Le disque fonctionne avec des échos, "Water & Sand" jouant des similitudes de guitares pour bien s'enchaîner, puis bascule un temps dans le rock and roll agacé, avant une série répétitive à la guitare qui couine. Un des bons moments de l'album : chaque partie de cette composition est amenée à sa juste place, mettant en valeur les autres, par opposition ou complémentarité. Une carte de visite des possibles.
Pour la suite, les compositions me surprennent globalement moins. C'est bien fichu, il y a du talent, des constructions et des riffs travaillés. Cependant, il me manque une étincelle, une mise en danger, de la surprise. L'album tourne et s'écoute distraitement, ce que je regrette profondément. Les parties supplémentaires qui débordent du couplet-refrain manquent d'audace, la faute à un cahier des charges émotionnel qui reste dans le savoir-faire. Le final de "Keep my Head" ne dégage pas de puissance et l'atmosphère reste en demi-teinte alors que la partie soliste de "Minor Majority" éclaire un nouveau paysage (et alors que le final martelé aurait mérité une puissance dont le groupe est capable en concert).
Pourtant, on trouve des idées singulières : la paire basse batterie de "Cognac" a des airs de Sloy et des retours de noise 90's, auxquels l'énergie manque. Le refrain sonne mais ne résonne pas. L'impact retombe, la faute encore à cette atmosphère rentrée souhaitée par le groupe. Je ne saisis pas où on va. C'est un entre-deux, terriblement frustrant ; représentatif d'une époque, bien sûr.

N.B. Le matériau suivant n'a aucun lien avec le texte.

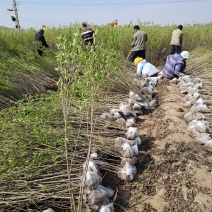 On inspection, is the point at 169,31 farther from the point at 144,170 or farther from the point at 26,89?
the point at 144,170

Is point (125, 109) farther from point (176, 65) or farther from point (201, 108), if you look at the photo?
point (176, 65)

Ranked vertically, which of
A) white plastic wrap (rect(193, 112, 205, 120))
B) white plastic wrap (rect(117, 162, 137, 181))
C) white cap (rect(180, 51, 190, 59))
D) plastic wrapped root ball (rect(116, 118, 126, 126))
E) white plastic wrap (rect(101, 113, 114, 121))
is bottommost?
white plastic wrap (rect(117, 162, 137, 181))

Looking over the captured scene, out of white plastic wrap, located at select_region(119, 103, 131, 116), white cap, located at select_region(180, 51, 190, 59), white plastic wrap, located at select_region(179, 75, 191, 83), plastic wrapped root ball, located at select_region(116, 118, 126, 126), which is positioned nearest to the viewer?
plastic wrapped root ball, located at select_region(116, 118, 126, 126)

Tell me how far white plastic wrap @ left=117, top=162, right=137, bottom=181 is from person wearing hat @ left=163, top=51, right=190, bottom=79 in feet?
11.7

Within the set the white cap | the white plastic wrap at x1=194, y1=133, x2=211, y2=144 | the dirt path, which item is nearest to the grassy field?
the dirt path

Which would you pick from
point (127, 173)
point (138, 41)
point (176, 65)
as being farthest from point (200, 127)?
point (138, 41)

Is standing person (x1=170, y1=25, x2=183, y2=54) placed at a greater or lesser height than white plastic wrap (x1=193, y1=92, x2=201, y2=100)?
A: greater

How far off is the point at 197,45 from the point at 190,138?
679 centimetres

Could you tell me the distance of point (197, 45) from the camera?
30.0 feet

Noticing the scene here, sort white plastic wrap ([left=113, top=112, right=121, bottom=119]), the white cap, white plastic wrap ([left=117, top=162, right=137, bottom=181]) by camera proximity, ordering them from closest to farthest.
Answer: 1. white plastic wrap ([left=117, top=162, right=137, bottom=181])
2. white plastic wrap ([left=113, top=112, right=121, bottom=119])
3. the white cap

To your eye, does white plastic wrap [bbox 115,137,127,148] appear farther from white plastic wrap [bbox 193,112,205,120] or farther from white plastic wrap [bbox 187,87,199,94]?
white plastic wrap [bbox 187,87,199,94]

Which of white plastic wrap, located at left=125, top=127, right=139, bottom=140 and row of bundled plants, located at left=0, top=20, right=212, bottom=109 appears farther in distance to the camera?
row of bundled plants, located at left=0, top=20, right=212, bottom=109

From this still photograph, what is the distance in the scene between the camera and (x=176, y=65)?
18.4 ft

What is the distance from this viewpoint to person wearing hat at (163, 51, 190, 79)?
18.2 ft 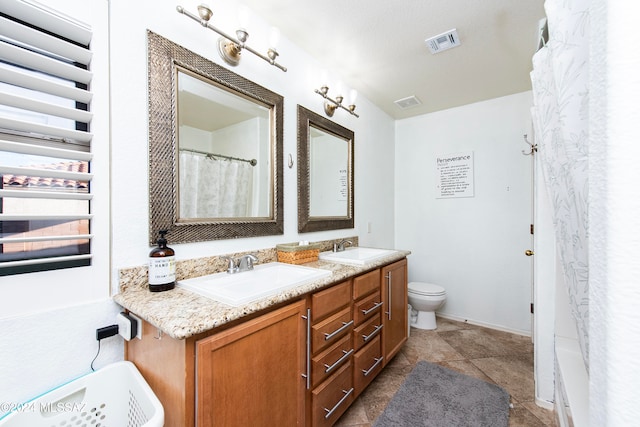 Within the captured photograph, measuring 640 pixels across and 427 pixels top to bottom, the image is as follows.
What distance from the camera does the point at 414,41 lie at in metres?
1.83

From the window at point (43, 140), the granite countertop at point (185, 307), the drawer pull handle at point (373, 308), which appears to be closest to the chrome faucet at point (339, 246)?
the drawer pull handle at point (373, 308)

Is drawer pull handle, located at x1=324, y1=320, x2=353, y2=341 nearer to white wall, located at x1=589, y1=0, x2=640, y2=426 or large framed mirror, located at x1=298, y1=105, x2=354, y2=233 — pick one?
large framed mirror, located at x1=298, y1=105, x2=354, y2=233

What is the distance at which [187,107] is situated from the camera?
1300 millimetres

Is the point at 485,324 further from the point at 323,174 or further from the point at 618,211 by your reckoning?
the point at 618,211

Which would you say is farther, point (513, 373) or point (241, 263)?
point (513, 373)

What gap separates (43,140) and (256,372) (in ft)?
3.76

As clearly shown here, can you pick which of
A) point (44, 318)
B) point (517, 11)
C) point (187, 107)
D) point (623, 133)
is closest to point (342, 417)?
point (44, 318)

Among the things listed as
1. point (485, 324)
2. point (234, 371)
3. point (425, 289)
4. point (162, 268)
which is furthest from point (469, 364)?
point (162, 268)

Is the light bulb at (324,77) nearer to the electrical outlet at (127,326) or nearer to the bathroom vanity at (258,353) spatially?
the bathroom vanity at (258,353)

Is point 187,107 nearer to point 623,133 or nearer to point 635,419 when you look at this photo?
point 623,133

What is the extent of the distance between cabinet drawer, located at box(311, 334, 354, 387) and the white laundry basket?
672 millimetres

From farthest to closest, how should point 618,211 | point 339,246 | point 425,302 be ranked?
point 425,302
point 339,246
point 618,211

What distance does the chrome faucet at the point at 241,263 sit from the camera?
138 cm

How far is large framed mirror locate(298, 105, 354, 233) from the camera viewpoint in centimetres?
193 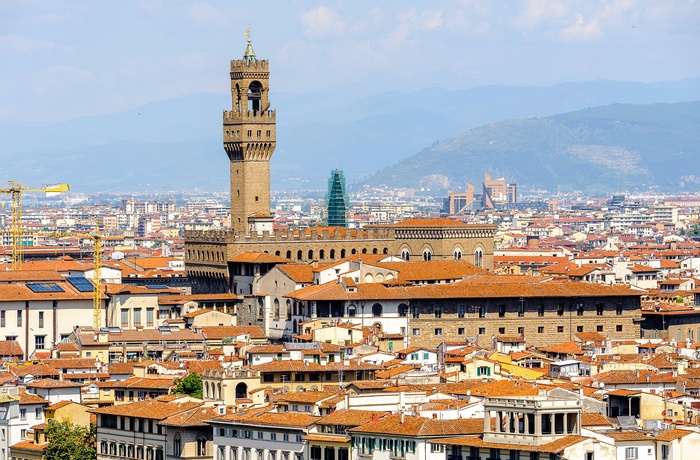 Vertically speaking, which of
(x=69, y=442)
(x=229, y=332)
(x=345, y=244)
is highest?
(x=345, y=244)

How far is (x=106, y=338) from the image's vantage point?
75625 mm

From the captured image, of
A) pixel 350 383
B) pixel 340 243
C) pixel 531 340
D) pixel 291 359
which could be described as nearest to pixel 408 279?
pixel 531 340

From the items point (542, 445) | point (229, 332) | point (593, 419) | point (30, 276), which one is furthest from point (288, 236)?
point (542, 445)

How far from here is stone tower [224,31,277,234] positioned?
102625mm

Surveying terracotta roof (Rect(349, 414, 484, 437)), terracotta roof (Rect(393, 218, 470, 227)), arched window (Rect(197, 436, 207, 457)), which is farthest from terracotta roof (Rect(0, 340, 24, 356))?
terracotta roof (Rect(349, 414, 484, 437))

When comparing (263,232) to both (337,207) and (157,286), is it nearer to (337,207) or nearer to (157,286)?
(157,286)

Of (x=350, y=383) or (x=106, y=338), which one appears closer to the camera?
(x=350, y=383)

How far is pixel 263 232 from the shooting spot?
9900 centimetres

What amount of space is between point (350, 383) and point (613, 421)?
423 inches

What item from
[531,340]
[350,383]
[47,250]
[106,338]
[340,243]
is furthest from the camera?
[47,250]

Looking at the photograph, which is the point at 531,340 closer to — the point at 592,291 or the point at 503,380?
the point at 592,291

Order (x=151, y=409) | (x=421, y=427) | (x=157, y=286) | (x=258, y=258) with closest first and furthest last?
(x=421, y=427) → (x=151, y=409) → (x=258, y=258) → (x=157, y=286)

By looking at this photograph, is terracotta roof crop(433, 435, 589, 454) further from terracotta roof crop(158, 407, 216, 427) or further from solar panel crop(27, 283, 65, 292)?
solar panel crop(27, 283, 65, 292)

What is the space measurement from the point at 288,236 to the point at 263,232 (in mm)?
1088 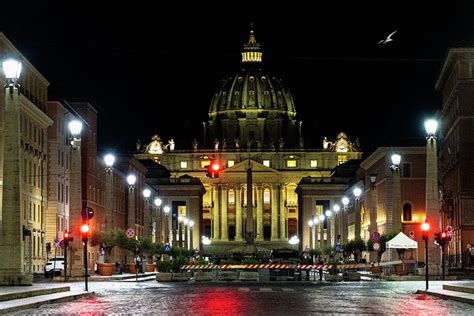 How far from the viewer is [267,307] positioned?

Si Idles et d'autres déploient des trésors de hargne, si les Foo Fighters (nommés dans la feuille de presse) aiment les stades et si The Cure revient ("Second to None", un titre entre tristesse et rage), daria semble aujourd'hui un miroir composite encore mal positionné. "The invisible Wandering" ouvre une voie autre avec quelques mesures bluesy, libérées, aventureuses (voir les albums de Brame pour saisir où peut conduire ce chemin), avant une reprise en mains et au chant dans les cordes.
Peut-être aussi est-ce lié au chant, juste, mis en valeur par quelques astuces de mixage qui le rehaussent le temps d'un mot, d'un vers. La scansion est souvent légère, rythmée juste ce qu'il faut (le bon final de "The Coral Wound", le phrasé de "Minor Majority" et son doublage discret sur des fins de vers).
Je reviens sur "Second to None" : c'est aussi dans ces options assumées de mise en danger, d'expressions plus fortes (lourdeurs, grandeur, tonalité tragique et épique) que le groupe peut s'affirmer et développer un sens de la démesure qui épate. Ils ont le talent, la technique, les idées, il manque un rodage par la scène sur ces titres et peut-être un lâcher-prise. On ne les en aimera que davantage.